Most recently, online betting provider BetDeluxe has been fined $70,000 for publishing illegal gambling inducements after being prosecuted by Liquor & Gaming NSW.

This follows the successful prosecution of PointsBet, which was fined a total of $35,000 for publishing illegal gambling inducements last week, after receiving a $20,000 fine for the same offences in 2019.

Hospitality and Racing CEO, Anthony Keon said Liquor & Gaming NSW was continuing to pro-actively monitor online betting providers and it was completely unacceptable that seven bookmakers have been prosecuted on multiple occasions since 2018.

“Liquor & Gaming NSW will continue to actively pursue operators for illegal advertisements and advocate for the courts to issue higher penalties,” Mr Keon said.

“In 2018 the NSW Government introduced new laws to significantly increase penalties for wagering operators who are found guilty of promoting inducements to gamble, with maximum fines now set at $110,000 per offence for a corporation.

“Clearly some of these operators think gambling inducements are just the cost of doing business, but they are wrong, and they are pushing their luck.
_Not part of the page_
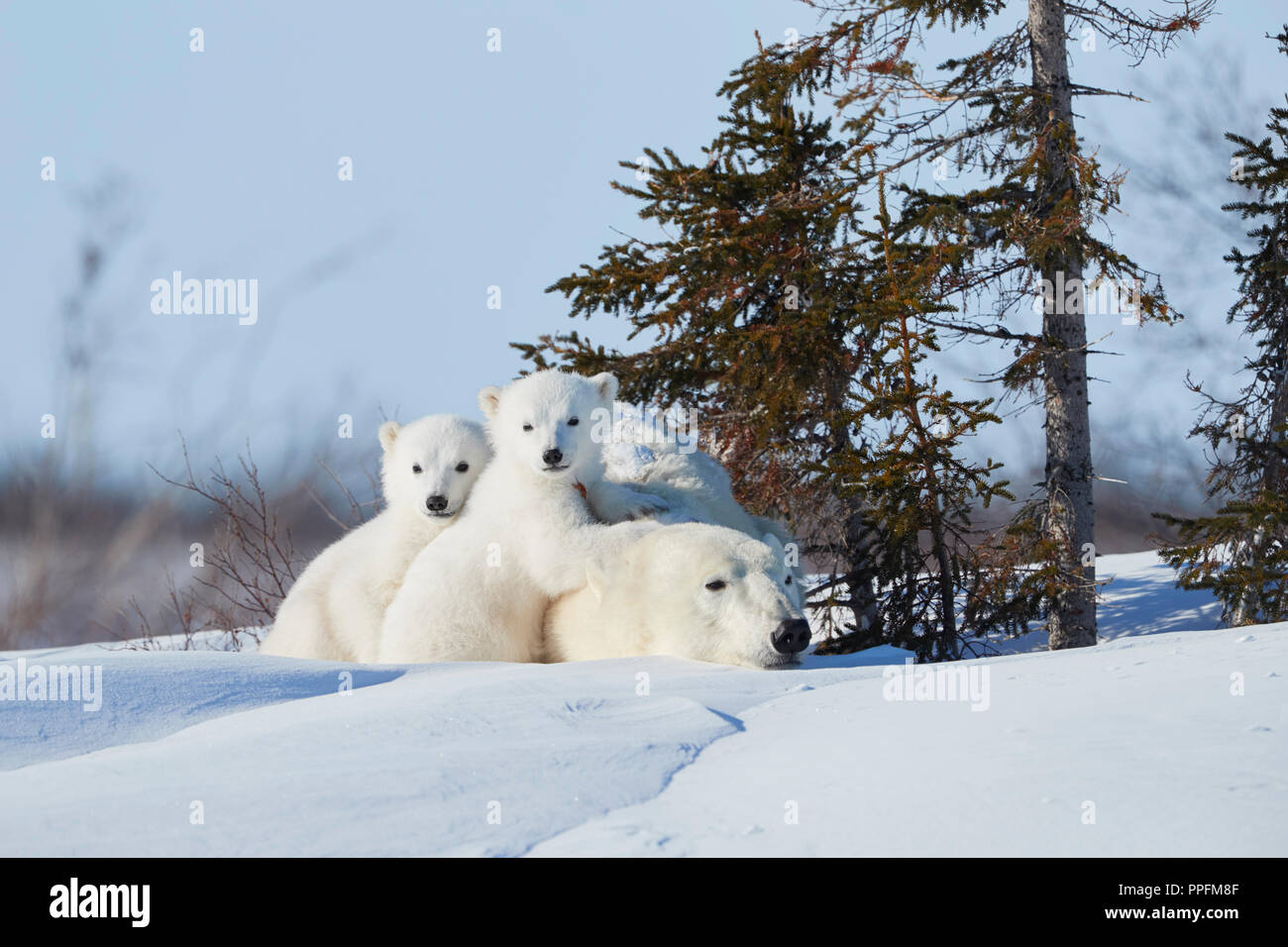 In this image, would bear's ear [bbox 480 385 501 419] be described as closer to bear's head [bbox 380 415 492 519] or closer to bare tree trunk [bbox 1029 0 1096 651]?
bear's head [bbox 380 415 492 519]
We will continue to bring these matters before the courts and seek higher penalties that reflect community expectations.”

In Downing Centre Local Court yesterday (18/5), BetDeluxe pleaded guilty to five offences that included 21 Facebook promotions for bonus bets on sports games and enhanced odds on horse racing.

In addition to the $70,000 in fines, BetDeluxe has also been ordered to pay $8,500 in legal costs. This is the first time the company has been prosecuted for this type of offence.

PointsBet pleaded guilty to two advertisements that included an Instagram promotion to get $50 back in bonus bets, similar to those it offered in 2019 on the Apple App Store, promising $100 cash back on certain bets.

“Prohibitions on gambling inducements are an important harm minimisation measure and the increase in maximum penalties, along with our continued prosecution action, should send a clear message to wagering operators about how seriously we view these matters,” Mr Keon said.

“Reoffenders run the risk of the higher range penalties, and more scrutiny, so let me be clear that patterns of poor compliance are not worth the trouble.

“We hope this is the first and last time we see BetDeluxe in court for gambling inducements.”

Since 2015, Liquor & Gaming NSW has successfully prosecuted 37 matters for prohibited gambling advertising, resulting in over $642,500 in fines, with nine betting providers currently before the courts.